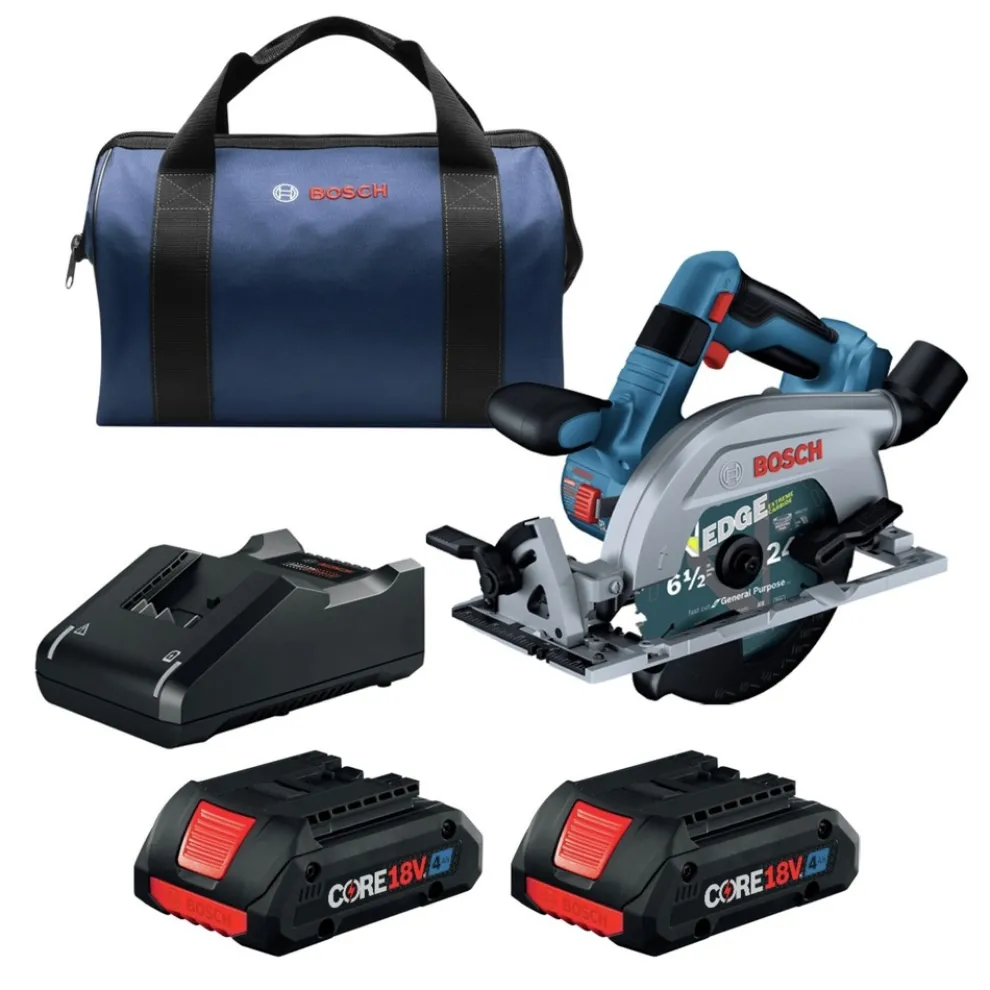 Factory Reconditioned Bosch 18V Brushless Blade-Left Lithium-Ion 6-1/2 in. Cordless Circular Saw Kit (4 Ah)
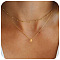 Bohemian Style Stainless Steel Double Layer Initial Pendant Necklaces, Golden, Letter M, 15.75~19.69 inch(40~50cm)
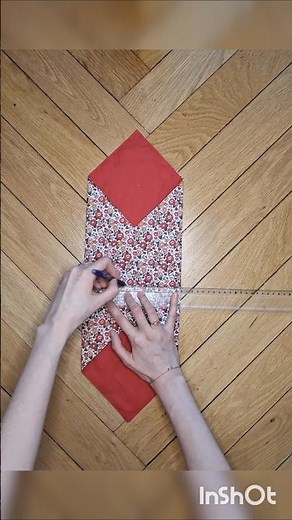 Quick and easy sewing project from fabric scraps! Origami drawstring pouch 💖 #upcycling #sewing #diy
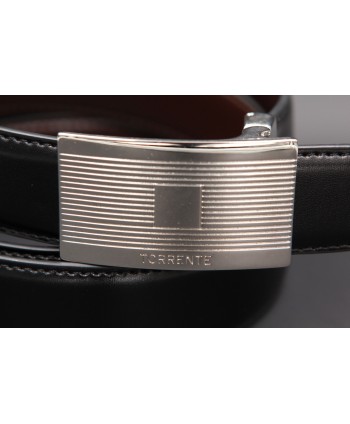 TORRENTE slit black and brown reversible calfskin belt - buckle detail.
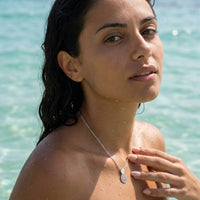 Thumbnail for Pineapple necklace — worn in the water, waterproof, silver | SKU: 8050907-white-gold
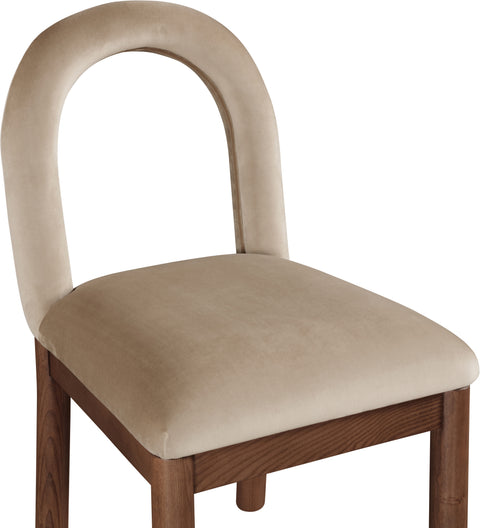 Greer Beige Velvet Upholstered Dining Chair , 1 Piece (Style 2)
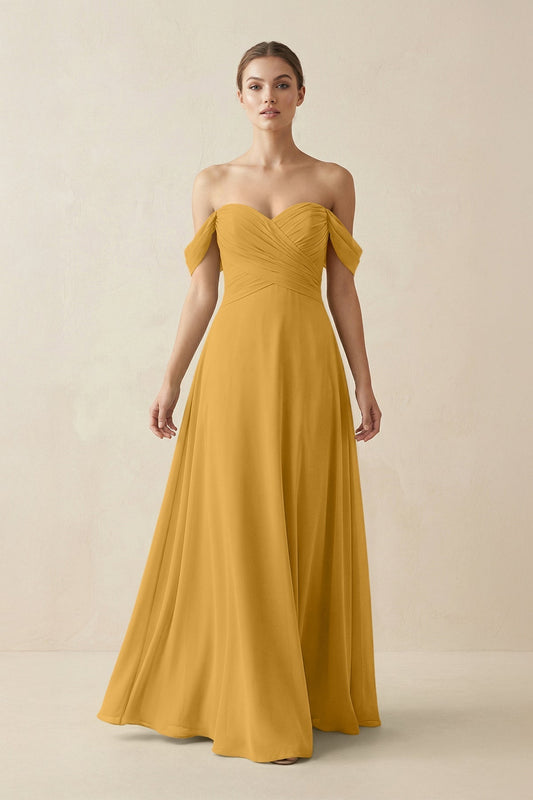 A-Line Off-the-Shoulder Chiffon Bridesmaid Dress in Marigold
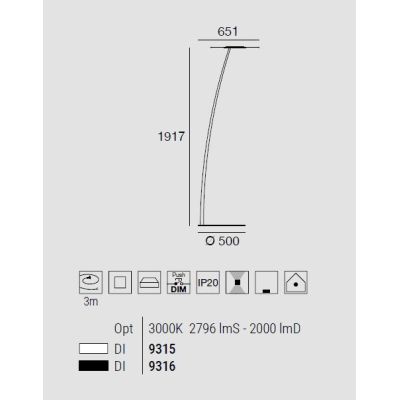 ANTIGUA PIANTANA DELLA LINEA LIGHT BIANCA O NERA DIAMETRO 65 LED 39W DESIGN MODERNO Linea Light - Cristalensi Shop Online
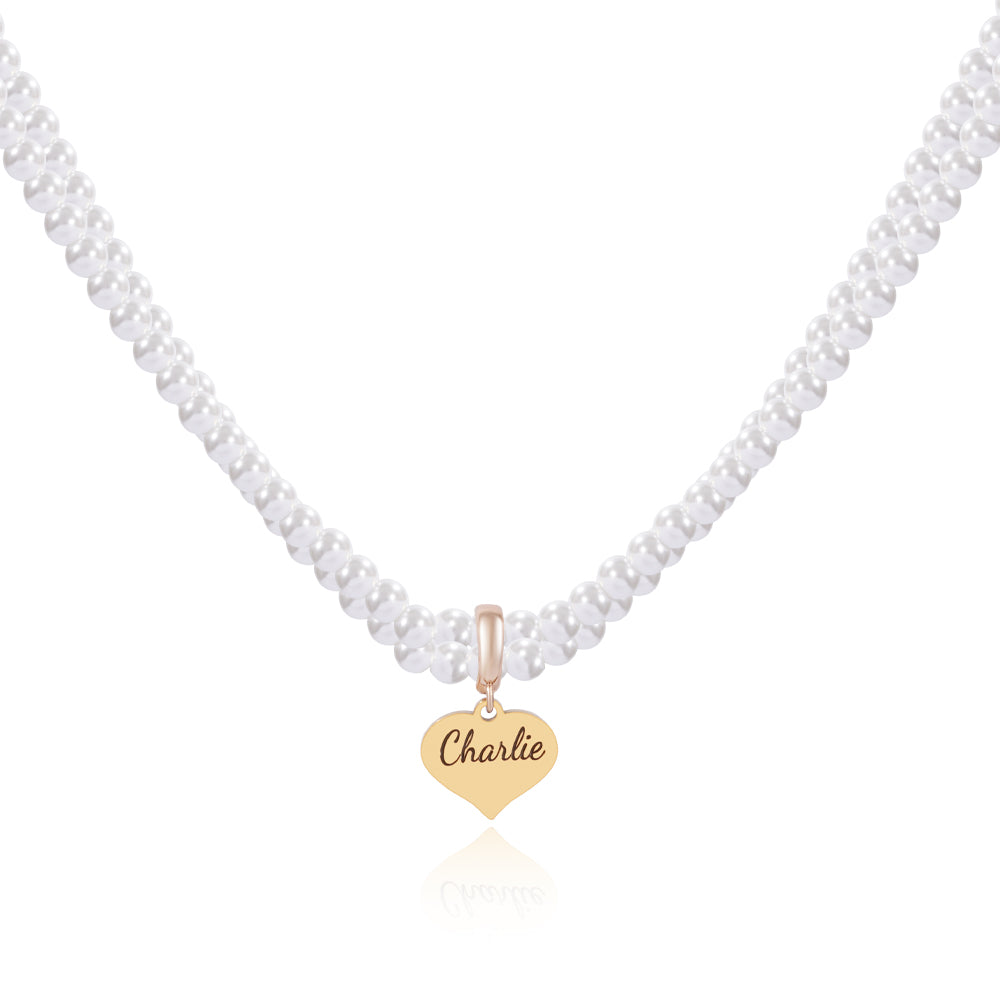 Engravable Double Strand Pearl Necklace for Girls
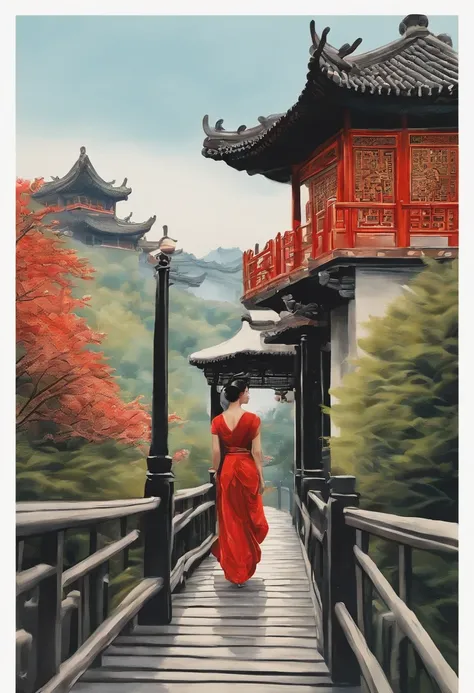 The sky is the background，The background color is less saturated，Un homme et une femme se rencontrent sur un pont，Le style de peinture est chinois plus ancien，ink and watercolor painting，Vision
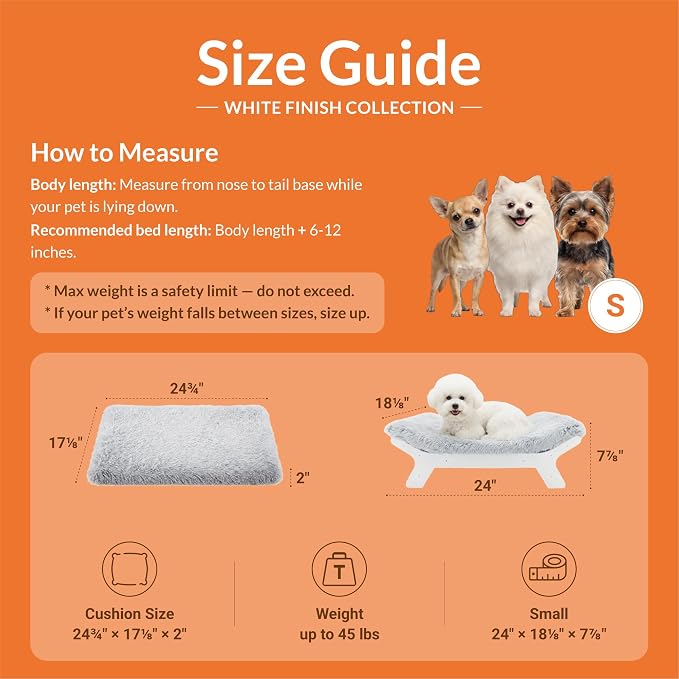 Elevated Wood Dog Bed Frame Mat Set, Whitecolor, Small | Raised Sturdy Attractive Dog Sofa Couch Furniture,45 lb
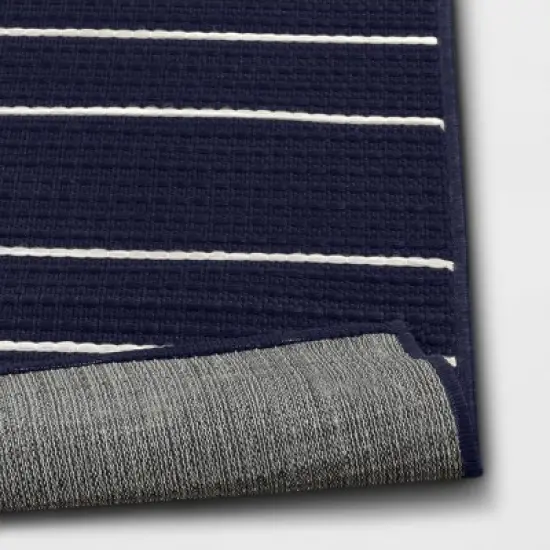 7'x10' Thin Stripe Rectangular Woven Outdoor Area Rug Navy/Ivory - Threshold&trade; image {3}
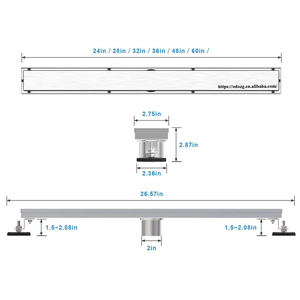 Оптовая Продажа с фабрики 36 дюймов SUS304 напольный дренаж из нержавеющей стали с плиточной вставкой 2-в-1 линейный Невидимый напольный дренаж - Product Image 5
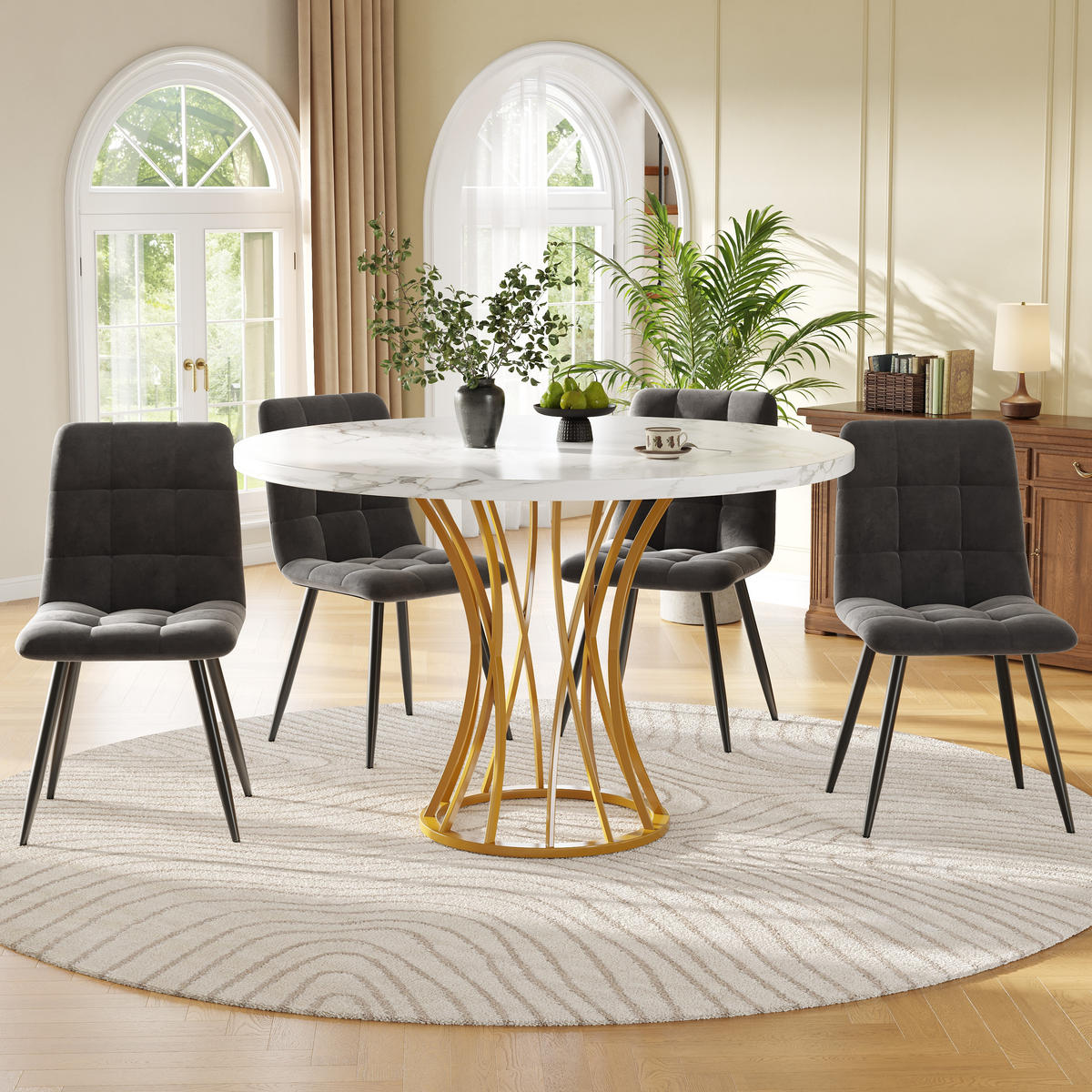 ESSTISCHSET 5-Teilig Rund 80 Cm, Graue Samtstühle, Weiß Marmor, Gold - Multicolor, Metall (100/76/100cm) - FLIEKS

§ WORK TASK
Reproduce precisely the lines of the listing above, from the line containing "Оптовая Продажа с" to the last line, both ends included. Pictures are to be omitted.

§ COMPLETED EXERCISE
 Оптовая Продажа с фабрики 36 дюймов SUS304 напольный дренаж из нержавеющей стали с плиточной вставкой 2-в-1 линейный Невидимый напольный дренаж - Product Image 5
 ESSTISCHSET 5-Teilig Rund 80 Cm, Graue Samtstühle, Weiß Marmor, Gold - Multicolor, Metall (100/76/100cm) - FLIEKS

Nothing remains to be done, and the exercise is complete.